Employees help their communities
Three positive examples of how drivers have
made a difference
Every month, WM Monday gets many submissions from sites across the country on what our employees
are doing to make their communities safer. Whether it’s through the Waste Watch program, where drivers
are trained on working with emergency officials, or just being extra vigilant, workers are doing their part while
on the road.
Earlier this summer, Waste Management received a letter from Marvin Gibbs, a lieutenant with the Rowlett
Police Department, in which he thanked Drivers Michael Harris, Candelario Fuentes and Hector Valdez for
working together to help apprehend a suspect who had attempted a sexual assault.

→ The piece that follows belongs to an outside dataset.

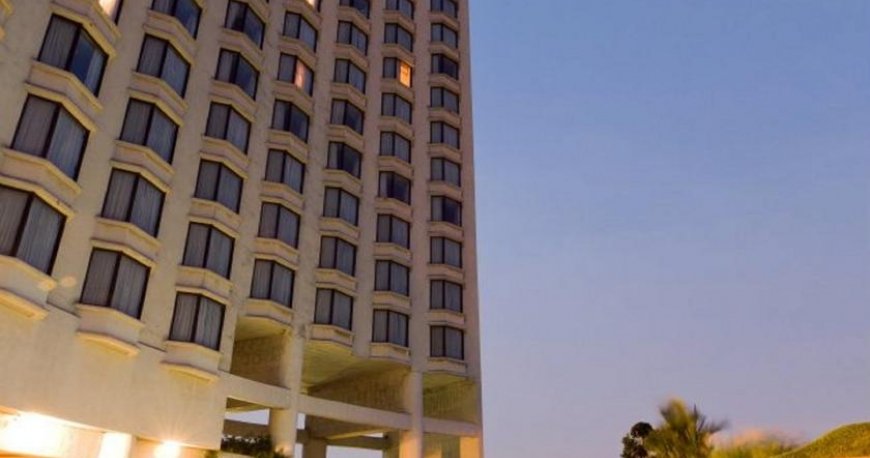 هتل مونتین ریورساید هتل مونتین ریورساید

“During our search for the suspect, Mike Harris was stopped and given the description,” Gibbs wrote. “Mike said
he would get the word out to the other drivers. The attempted sexual assault call came in at 9:43 a.m. and at 10:17 a.m.
we received a 911 call from a driver who spotted the suspect jumping fences in an alley. Officers responded and within
minutes they had the suspect in custody.”

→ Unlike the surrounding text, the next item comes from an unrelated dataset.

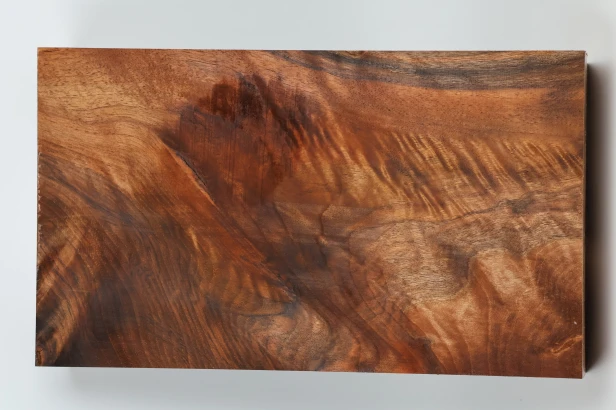 Orzech Kaukaski Fala Flame Caucasian Walnut drewno do toczenia kantówka wood for turning Timber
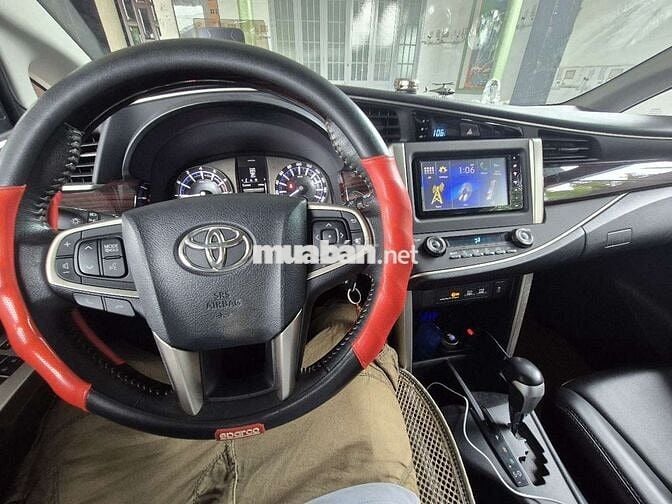 Toyota Innova 2018 2.0 Venturer - 48174 km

Photo: Drivers Michael Harris, Candelario Fuentes and Hector Valdez.
Klamath Falls, Ore.
This past August, Residential Driver Curt Say was on his route at 3:30 a.m. when he came across a house fire
that had started in a garage. Taking quick action, Say notified dispatch of the address and asked them to call 911.
He then went to the front of the house and woke up the three occupants, likely saving their lives. This prompt action
also probably kept the house from burning down, and kept the fire from spreading to an adjacent home.

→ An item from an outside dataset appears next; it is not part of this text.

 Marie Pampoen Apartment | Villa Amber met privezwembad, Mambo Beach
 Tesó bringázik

Barry Thompson, route manager from Klamath Falls, said Curt Say has a proven track record of consistently
good customer service, receiving customer complements (nine last year), and very seldom missing a pickup.
He is also trained in Waste Watch.
Photo: Curt Say with the Moor family.
Palm Beach, Fla.
On a hot summer day, Adele Brown, an elderly residential customer from South Florida, lost her balance while
in the garage and hit her head on the floor. Obscured by her car, and unable to get up, she laid there for more
than four hours waiting for someone to come along. At about 4:30 p.m., Driver Michael Hernandez was collecting
recyclables when he heard a cry for help.
“I decided to investigate further and then saw Ms. Brown on the ground of the garage,” Hernandez said. “It was
almost 93 degrees. I knew she needed help so I dialed 911 from the phone in the garage.”
Hernandez is also trained in Waste Watch.